The other night, I did something new and possibly stupid: I rode my bike on an unlit trail through rural Iowa. It was dark, except for the dim beam from the cheap flashlight I jury-rigged to my handlebars and the occasional flickering light of passing bikes. It was quiet, except for the periodic rustling, croaks and calls of who-knows-what. It was spooky.
So after riding a few miles, I was pleased to see a burst of white and blue light off in the distance. The Bridge!
And as I pedaled slowly across that 1/2-mile long, 13-story-high bridge -- its span dotted with white lights and its square-shaped arches lined in blue light -- I realized this was the coolest experience of my 20 years riding Iowa's beloved recreational trails.
This revelation, no doubt shared by others, also helps explain the enormous popularity of the High Trestle Trail, a 25-mile paved trail near Des Moines whose final and most impressive stretch, including the bridge, opened in spring 2011. It has lured thousands of visitors and kick-started businesses catering to out-of-towners on bike, foot, Rollerblades and horseback.
Before our night ride in May, my husband and I had enjoyed biking various segments of the trail by day. Converted from a former railroad bed, the trail runs between Ankeny, a Des Moines suburb, and four small towns to the north and west, Sheldahl, Slater, Madrid and Woodward, about 237 miles south of the Twin Cities.

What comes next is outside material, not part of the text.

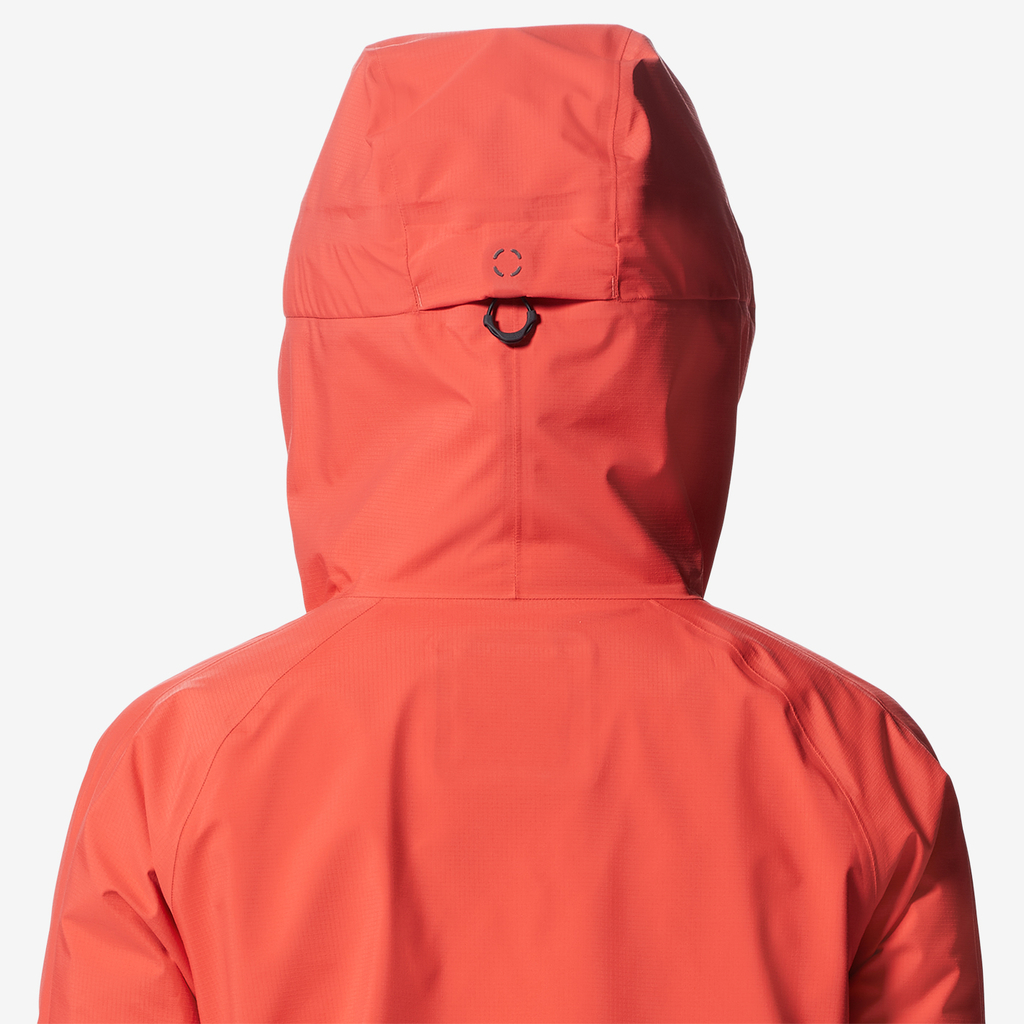 Mountain Hardwear W High Exposure™ Jacket in PINK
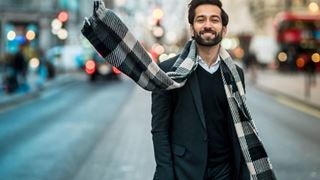 Nakuul Mehta thanks Indian Television in the most sarcastic way!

The trail's first 23 miles opened in fall 2008.
Largely flat with easy pedaling (although crosswinds can make it feel more like resistance training), the trail includes long stretches through classic Iowa countryside, with sights both bucolic and prosaic: a farmhouse on a gravel road, fields sprouting green shoots of corn, enormous John Deere combines, a cow standing in muddy water.
We like picnicking in the sleepy little park in Sheldahl (pop. about 317), with its fold-up bandstand, and visiting the Town & Country Market inside an ivy-covered brick building in Slater's two-block business district.
Hints of coal mining past
During our day rides, we have always been bowled over by "the Bridge." Billed as one of the world's largest trail bridges, it offers spectacular 5-mile views of the Des Moines River winding through a wide grassy valley with tree-lined sandy bluffs.
We love the reconstructed bridge's sculptural flourishes, which pay homage to the area's coal mining past.
Flanking the entrances are 42-foot limestone towers veined with black bands, representing seams of coal. Laid out at rotating angles are 41 square-shaped arches that form an open-air tunnel, representing the cribbing that supports a coal mine shaft. (At night, a section of the arches is lit in blue, intensifying the fun-house effect.)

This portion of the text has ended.